Nyaman tanpa iklan. Langganan BisnisPro

Menakar Potensi Hasil Hutan Bukan Kayu

Hasil hutan bukan kayu dipersiapkan menjadi primadona baru di sektor industri kehutanan pada masa depan. Klasterisasi industri kehutanan dan pola kemitraan menjadi salah satu senjata utama untuk mewujudkan cita-cita tersebut.
Presiden Joko Widodo (kedua kiri) didampingi Menteri Lingkungan Hidup dan Kehutanan Siti Nurbaya Bakar (kiri) menyapa warga yang hadir dalam Festival Kesatuan Pengelolaan Hutan (KPH) Tingkat Nasional dan Pameran Usaha Kehutanan yang berlangsung di Hutan Pinus, Mangunan, Dlingo, Bantul, Jumat (28/09/2018)./JIBI-Desi Suryanto
Presiden Joko Widodo (kedua kiri) didampingi Menteri Lingkungan Hidup dan Kehutanan Siti Nurbaya Bakar (kiri) menyapa warga yang hadir dalam Festival Kesatuan Pengelolaan Hutan (KPH) Tingkat Nasional dan Pameran Usaha Kehutanan yang berlangsung di Hutan Pinus, Mangunan, Dlingo, Bantul, Jumat (28/09/2018)./JIBI-Desi Suryanto

Bisnis.com, JAKARTA - Hasil hutan bukan kayu dipersiapkan menjadi primadona baru di sektor industri kehutanan pada masa depan. Klasterisasi industri kehutanan dan pola kemitraan menjadi salah satu senjata utama untuk mewujudkan cita-cita tersebut.

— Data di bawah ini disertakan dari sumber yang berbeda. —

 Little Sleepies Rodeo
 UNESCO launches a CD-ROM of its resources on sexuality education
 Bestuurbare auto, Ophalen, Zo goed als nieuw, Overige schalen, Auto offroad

Kementerian Lingkungan Hidup dan Kehutanan mematok produksi hasil hutan bukan kayu (HHBK) atau produk nonkayu pada 2020 mencapai 718.847,97 ton dari baseline 2019 yang hanya 342.819,17 ton.

Johan Utama Perbatasari, Direktur Usaha Jasa Lingkungan dan Hasil Hutan Bukan Kayu (HHBK) KLHK mengatakan bahwa saat ini produk nonkayu dan jasa lingkungan sedang dicanangkan untuk menjadi tulang punggung pembangunan kehutanan secara nasional.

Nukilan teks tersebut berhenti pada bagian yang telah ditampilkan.